Looking for some solid data principles and tenets to guide your organization’s data decisions and the tradeoffs they have to make? Here they are, copy at will!
These tenets are derived from the principles that form the basis of many data protection and privacy laws around the world, including the European Union's General Data Protection Regulation (GDPR) and the California Consumer Privacy Act (CCPA) in the United States. It's worth noting that the specifics of these laws can vary quite a bit from one jurisdiction to another - but tenets are not laws, they’re simply guiding principles for decision making.

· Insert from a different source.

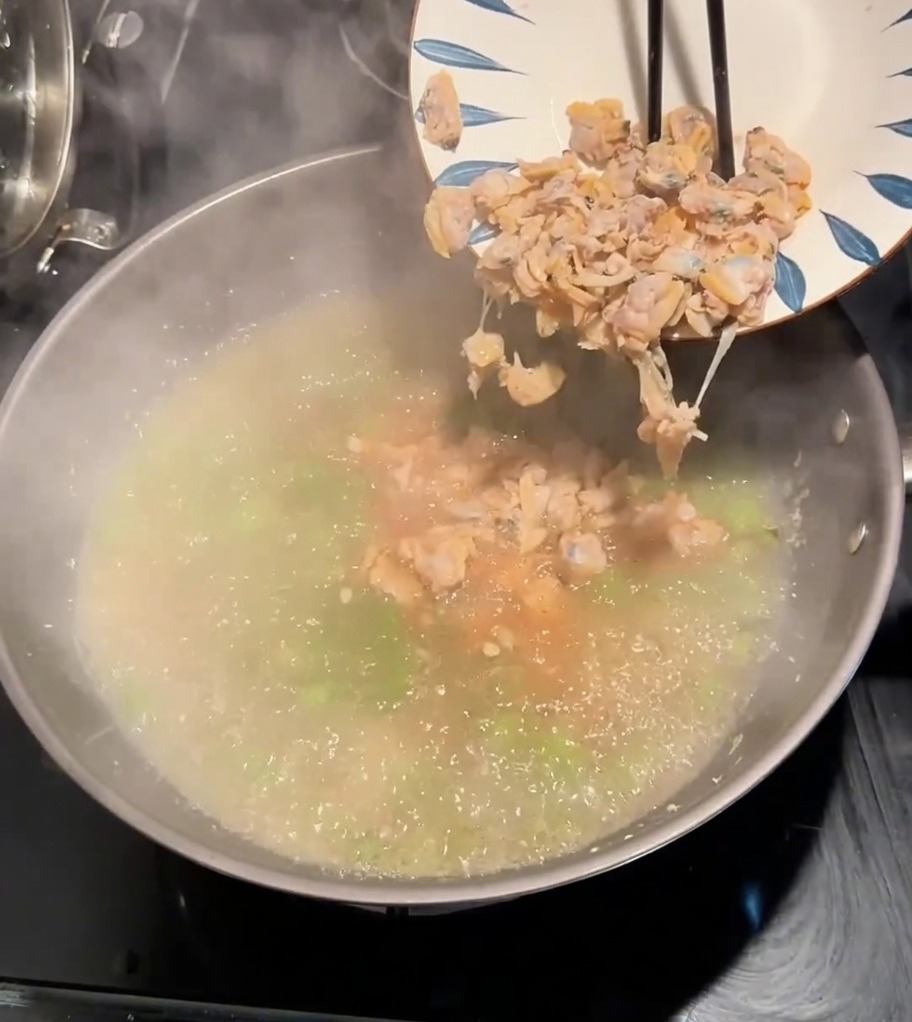 Chair de palourde ajoutée dans le bouillon bouillonnant avec les légumes verts.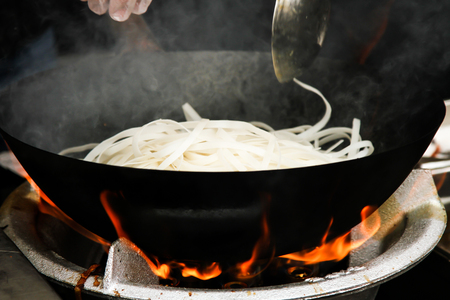 street food. fried noodles in a wok with chicken and shrimp on the open fireの写真素材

- "Garbage In; Garbage Out": this tenet is foundational to any data-driven initiative. Simply put, the quality of your data outputs can only be as good as the quality of your data inputs. If inaccurate or low-quality data is provided, any subsequent analytics or insights derived will be flawed. This highlights the importance of rigorous upstream data control mechanism, be it validation, testing, evolution policies and so on. As much as possible, shift responsibilities left.
- "Privacy by Design": data privacy isn’t just a nice to have, it’s a legal right in many countries, include it in your design phase. Organizations should prioritize building privacy into their data systems and processes from the onset. This means acquiring informed consent before data collection, using secure data processing methods, and ensuring that privacy safeguards are integral to your systems, not just afterthoughts.
- "Ask Why! - Data Producers": aka Data Minimization. Data collection should be purposeful and efficient, gathering only the data that is truly necessary for the task at hand. This principle guards against potential security risks and respects the privacy of individuals, while also reducing unnecessary data storage and processing costs further down the line. So ask: why do we need to collect this data?
- "Ask Why! - Data Consumers": aka Purpose Limitation. Data should be collected with a specific, explicit, and legitimate purposes in mind. Repurposing or further processing data beyond the originally stated scope should require additional consent or legal bases. Transparency about how and why data is being used also contributes to trust. So ask: why do we need to process this data?
- "See it; Say It": incorporating robust security measures into the design of systems and practices is paramount. Data security should never be an afterthought but should be an integral part of all data-related processes. This includes protecting against unauthorized access and data breaches, as well as ensuring data is stored securely but don’t assume they’re perfect. See something off? Say it.
- "Trust, but Verify": ensuring the accuracy, completeness, relevancy, and timeliness of data is not a nice-to-have, it’s the job. Data is only as valuable as it’s reliable, hence quality should be measured and for better results, have goals on it.
- "Two-way Door": if you are collecting information about individuals, then individuals should be able to access the information that is collected about them, why it is collected, and how it is used. Transparency is also crucial for complying with data privacy regulations and has the benefit of fostering trust between users and organizations,
- "Producer-Owner": entities or individuals who collect and process data are responsible for enforcing data principles, laws, and regulations. If missteps or breaches occur, it’s the producer’s responsibility to act on them. Demonstrating compliance with these standards and taking ownership for any mistakes along the way is fundamental for good data governance.
We use these eight tenets as a framework to guide our data organization. By following these principles, you can also ensure that your organization is not just maximizing the value of its data, but also using it in a manner that is ethical, responsible, and respectful of individual privacy. Whether you're a data scientist, a data privacy officer, or a business executive, incorporating these tenets into your organization's data strategy will contribute to a robust and trustworthy data ecosystem.